#### EXERCISE DESCRIPTION:
Give back the data below word for word. Any image in it should be left out.

#### GIVEN INFORMATION:
####
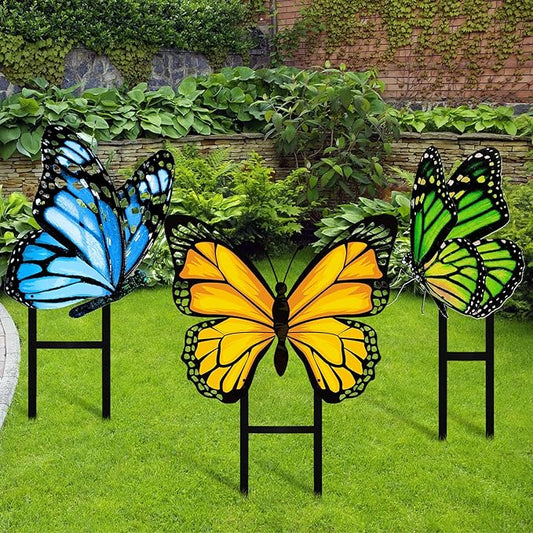 3 Pcs Spring Metal Butterfly Garden Stakes Decor 16.5 Inch Decorative Green Yellow Blue Butterfly Yard Stake Outdoor Insect Decor Metal Garden Art Ornaments for Patio Porch Lawn Backyard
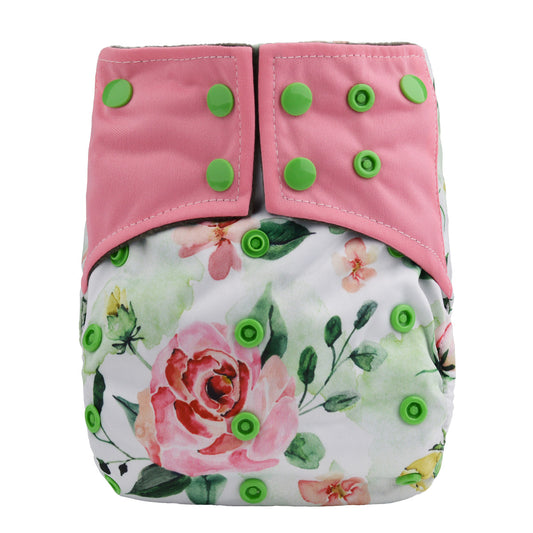 One Size Nighttime Nappy - Pink Garden (3-15kg)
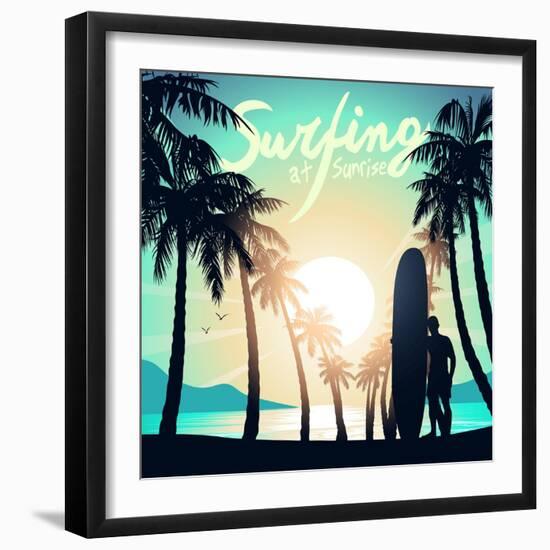 Surfing at Sunrise with a Longboard Surfer-Adam Fahey-Framed Art Print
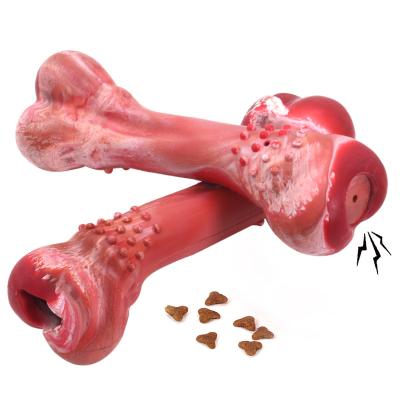 China Viable Custom Size Artificial Bone Sinking Slow Bone Squeaky Sound Chew Toy Rubber Pet Driver Dog Toy for sale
####
#### COMPLETED TASK:
 3 Pcs Spring Metal Butterfly Garden Stakes Decor 16.5 Inch Decorative Green Yellow Blue Butterfly Yard Stake Outdoor Insect Decor Metal Garden Art Ornaments for Patio Porch Lawn Backyard
 One Size Nighttime Nappy - Pink Garden (3-15kg)
 Surfing at Sunrise with a Longboard Surfer-Adam Fahey-Framed Art Print
 China Viable Custom Size Artificial Bone Sinking Slow Bone Squeaky Sound Chew Toy Rubber Pet Driver Dog Toy for sale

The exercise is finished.